Re: [Cin] wildest dreams: stream-copy and/or skipping avoidable pixel format conversions

23 Apr 2020

      Hi Andrew,

this was way quicker than I expected to get a response :D Please see below
for my interleaved comments.

Am 23.04.20 um 16:45 schrieb Andrew Randrianasulu:
...
В сообщении от Thursday 23 April 2020 13:36:30 Simeon Vc3b6lkel написал(а):
...
Hi all,
coming back to cinelerra after a whole decade, I was really surprised
finding now even hardware accelerated decoding and encoding implemented...
Even though the landscape of cinelerra-forks seems to become increasingly
confusing, THANK YOU, to all who contributed in the last years and of
course especially to Adam, Einar and William for their tireless commitment!
With this mail I want to put forward two ideas, or rather wildest dreams,
how cinelerra could improve performance considerably in cases where little
(or rather: "nothing") is to be done to the input video frames.
Motivation / Introduction
In the last weeks I had to deal a lot with "trivial editing" with long
and/or large files: Chopping of a few seconds at the beginning or end,
sometimes concatenating two or three takes, removing a constant offset
between audio and video. As my videos had a constant group-of-pictures
(GOP) length so I knew the position of keyframes and shifting the cuts
around by half a GOP was no problem either, I could completely avoid
reencoding of the video stream using the command line tool ffmpeg. FFmpeg
works perfectly fine for single "trivial edits", but the command (and
required filters) becomes admittedly complex as soon as multiple edits have
to be made.
Stream copying
So in my wildest dreams I dreamed of good old cinelerra learning how to do
stream-copying (read up on ffmpeg's -c:v copy and -c:a copy if you are not
familiar with that concept!). As stream-copying does not require to decode
the input, the achievable speed is typically bound by the disk IO -- it can
be as fast as your SSD-Raid at nearly negligible CPU cost.
Please note that stream-copying per definition only works if the packets
from the input are not to be altered at all and the output stream has
exactly the same encoding settings [1]. Only the container format would be
allowed to be different, as long as it can carry the unmodified stream.
Implementing this in cinelerra would definitely be a huge, nontrivial
change. It would require at least detection of the input encoding settings
and matching the output settings respectively, a shortcut around the whole
'decoding->camera->intermediate->projector->encoding' pipeline where no
effects (in the wider sense!) are active and whole GOPs could be
stream-copied and I haven't even looked up yet whether it could be feasible
to adapt any of the current rendering/muxing backends to accept "already
encoded" input (being forwarded through the shortcut).
I think this was done in old Cinelerra for some DV variants and mjpeg (in mov and avi)
In old CinelerraCV it was removed in commits
https://github.com/cinelerra-gg/cinelerra-cv/commit/8364fc6af3eb9b105ecf0853...
https://github.com/cinelerra-gg/cinelerra-cv/commit/0ff51f4c53e17ff33701e8cc...
I remember this because I tested this (mis)feature, and found it working for
mjpeg avi (so i was not convinced by this reasoning and just keep my copy at commit before this :E)
https://git.cinelerra-gg.org/git/?p=goodguy/cinelerra.git;a=blob;f=cinelerra...
enum BC_CModel {
  27         BC_TRANSPARENCY = 0,
  28         BC_COMPRESSED   = 1,
[..]
I think this 'colormodel' define was used for this.
This is a very interesting finding, and something I was not aware at all.
So thanks for bringing this piece of history to my attention!

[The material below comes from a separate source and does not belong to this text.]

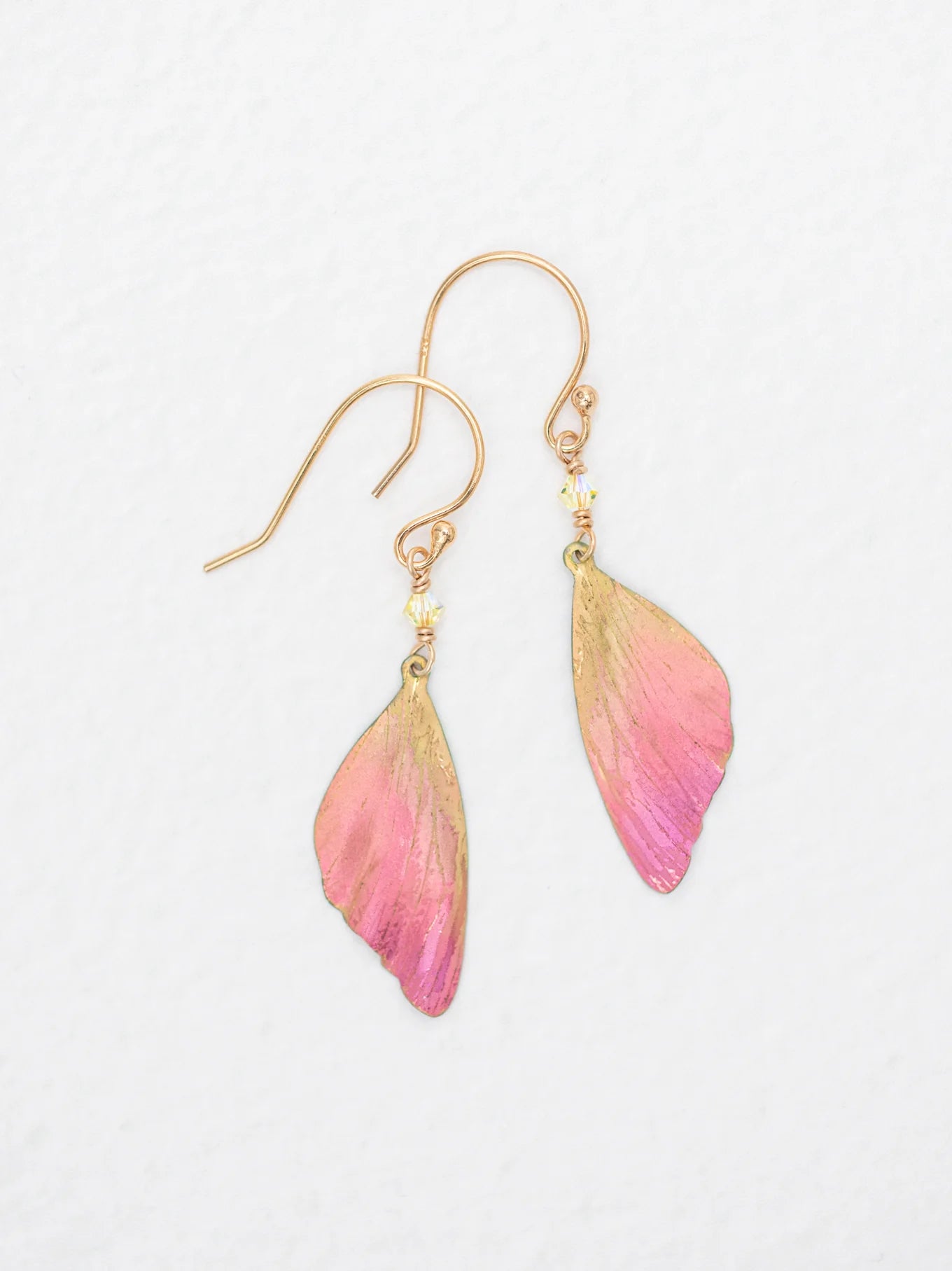 The Special Edition Flutterby Pink Earrings by Holly Yashi feature gold hooks and pink, butterfly wing-shaped charms with gold accents—ideal gold earrings to support cancer awareness. Shown on a white background.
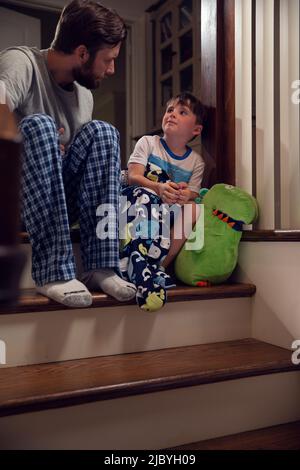 Father and son sitting at top of stairs in home getting ready for bedtime Stock Photo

I'm wondering, too, whether the noticeable differences are really rounding
problems or rather mismatch between "full swing" and "studio swing", i.e.
using all possible (e.g. 8-bit) values or only a limited sub-range. I seem
to remember from the 2000s that pausing and playing a DV video could (or
would in every case?) switch between "darker black" and "brighter black",
reminding of a "MPEG YUV" vs "JPEG YUV" range mismatch.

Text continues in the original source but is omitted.